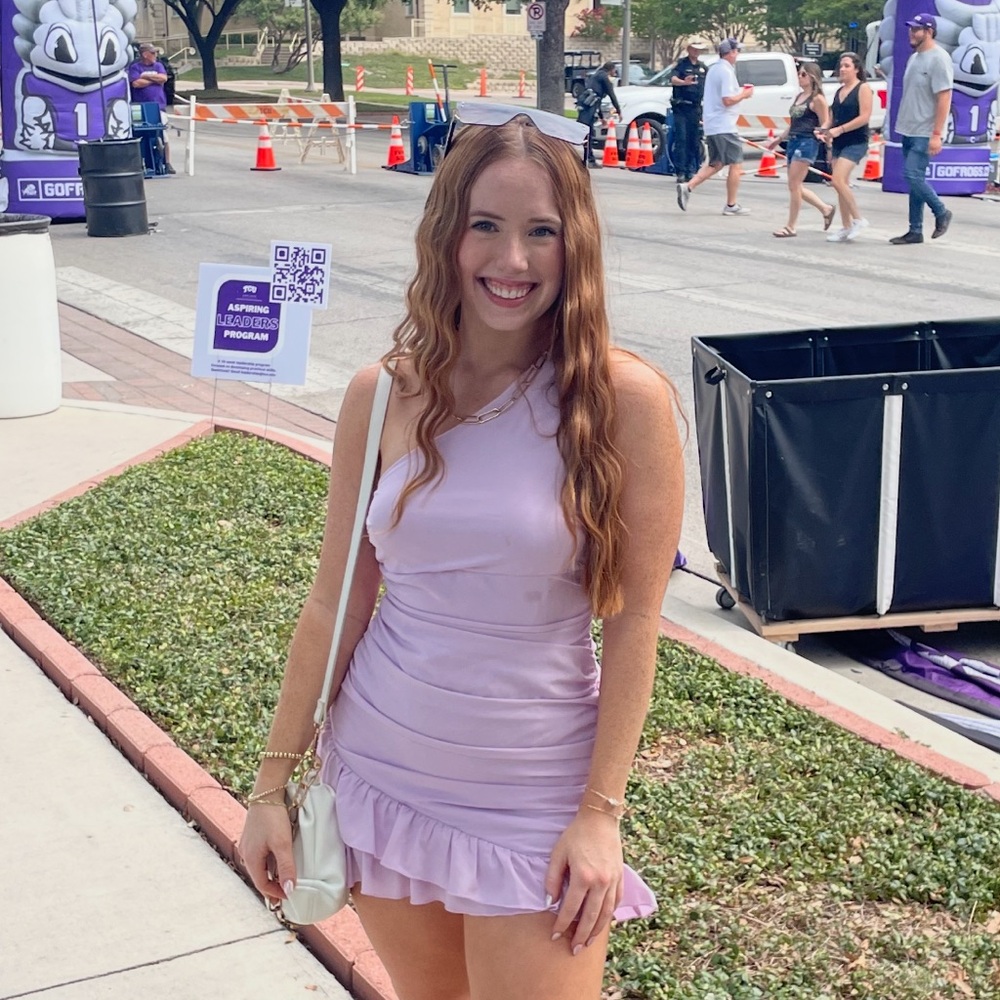 Blue Blush Lilac One Shoulder Purple Dress
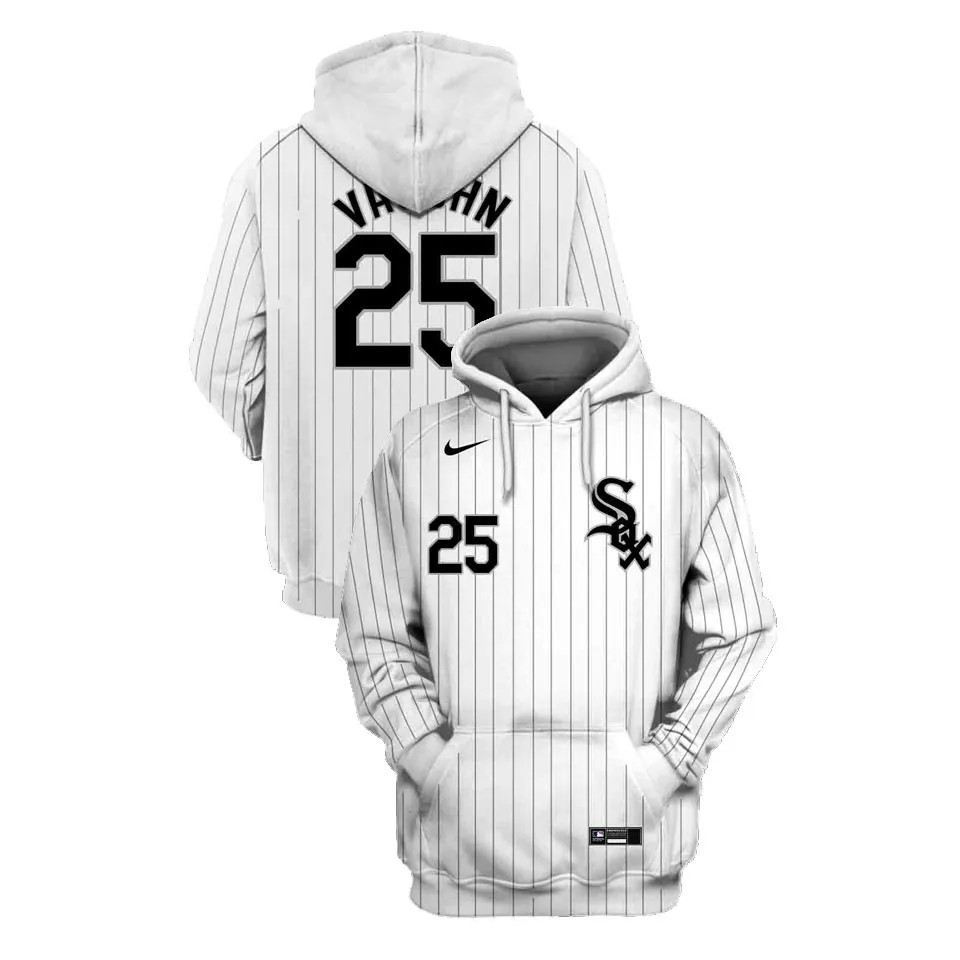 Chicago White Sox Custom Name Number Jersey Hoodie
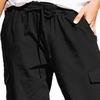 Elastický pas Stahovací šňůrka Rovné Cargo Kalhoty Vysoký pas Více kapes Dámské Kalhoty Streetwear
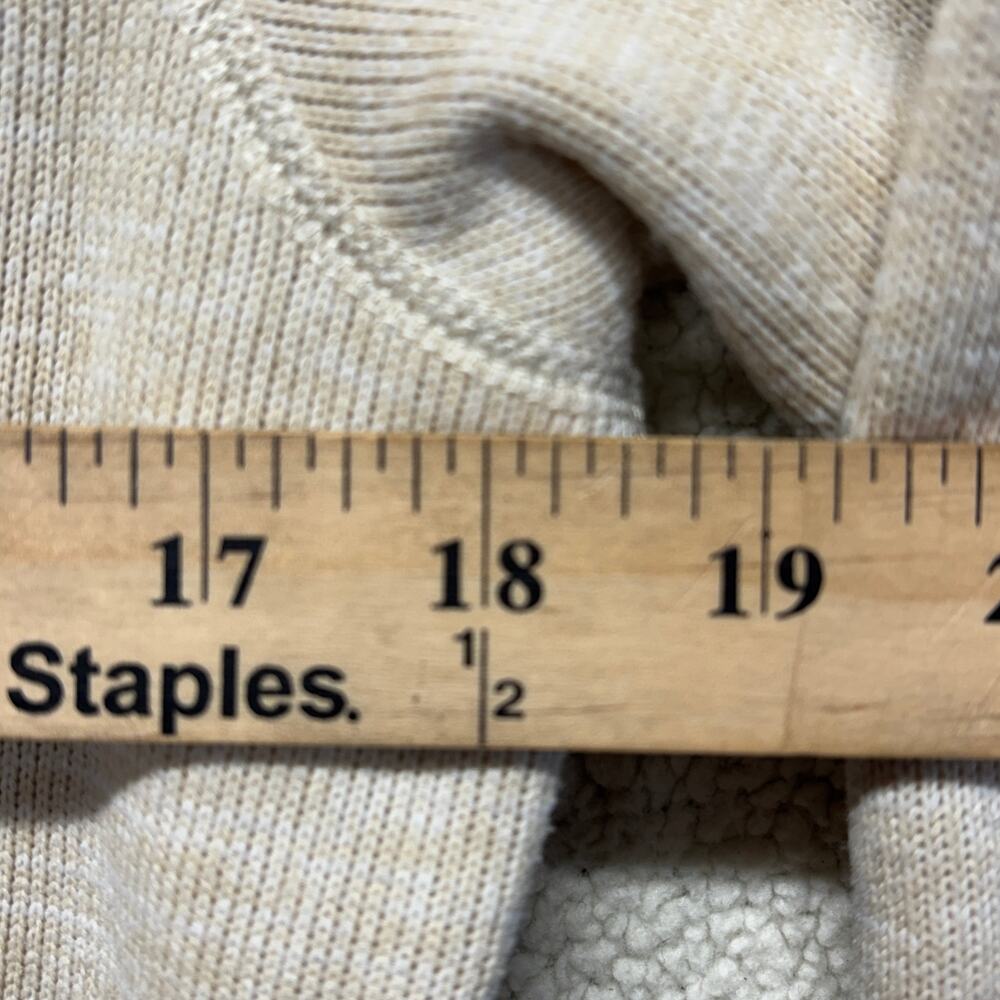 Patagonia Better Sweater Jacket Medium Women Beige 1/4 Zip Fleece Hiking 25618 - Picture 10 of 11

> **Work to complete**
Starting at the line that holds "Chicago White Sox" and ending at the last line of the material above, repeat each line exactly, both ends included, and leave the pictures out.

> **Task response**
 Chicago White Sox Custom Name Number Jersey Hoodie
 Elastický pas Stahovací šňůrka Rovné Cargo Kalhoty Vysoký pas Více kapes Dámské Kalhoty Streetwear
 Patagonia Better Sweater Jacket Medium Women Beige 1/4 Zip Fleece Hiking 25618 - Picture 10 of 11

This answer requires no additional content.